Aqui está uma realização poderosíssima, e que poderá libertar você de quase toda a sua ansiedade: independente do que você acredite e se preocupe, na verdade, ninguém se importa com o que você escolhe fazer ou não.

Releia a frase anterior. Pronto? Releia mais uma vez. Tem certeza que você entendeu tudo o que ela significa? Então ótimo, pode fechar esta página e começar tudo aquilo que você se inibiu de fazer antes por medo do julgamento alheio. Você está livre. Vá!

Ainda por aqui? Excelente, então acho que posso elaborar um pouco mais sobre o significado desta realização nas nossas vidas.

Desde criança, aprendemos sobre o valor que aceitação coletiva possui em nossas vidas. Queremos satisfazer nossos pais sendo bons filhos, nos comportando bem, fazendo nossas tarefas e mostrando nossas conquistas da escola. Olha o que eu fiz hoje, a minha nota da prova, os resultado do jogo. Colhemos a atenção e os elogios como fonte de prazer. Mesma coisa com os nossos coleguinhas de sala, queremos pertencer ao grupo colhendo aceitação e um senso de identidade fora de nós, e predicado naquilo que os outros pensam de nós.

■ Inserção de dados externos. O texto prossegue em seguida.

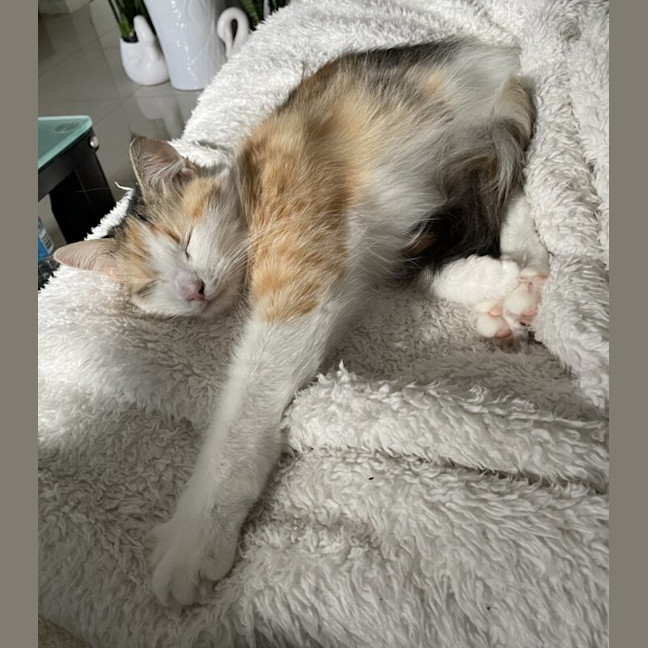 Photo of Kumi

Dizer que isto não persiste após a adolescência é uma mentira. Como adultos, continuamos vivendo a vida olhando sempre para trás e para os lados, procurando aprovação alheia e fugindo daquilo que seria “mau-visto” pela maioria. E ao passo que muitos pensam que não há problema com isso, e que vivem simplesmente uma vida “normal,” a realidade é que silenciosamente esta forma de pensar pode estar limitando o seu potencial da pior forma possível: internamente.

Preciso fazer isso porque todo mundo no escritório está fazendo. Tenho que comer naquele restaurante caro porque é onde todo mundo também vai. Tenho que comprar um carro e uma casa, essa é a forma que posso mostrar para todos que ganhei na vida. Estas roupas não são dignas de uma pessoa do meu novo círculo social.

Realizar que o julgamento alheio é um medo irracional e que, na verdade, são pouquíssimas as pessoas que se importam com aquilo que você faz, é libertador. Esta forma de pensar é necessária para obter a vitória num âmbito como o FIRE, mas seus benefícios se transpõem além do que simplesmente as finanças.

Vejamos o poder que existe por trás desta filosofia neste post.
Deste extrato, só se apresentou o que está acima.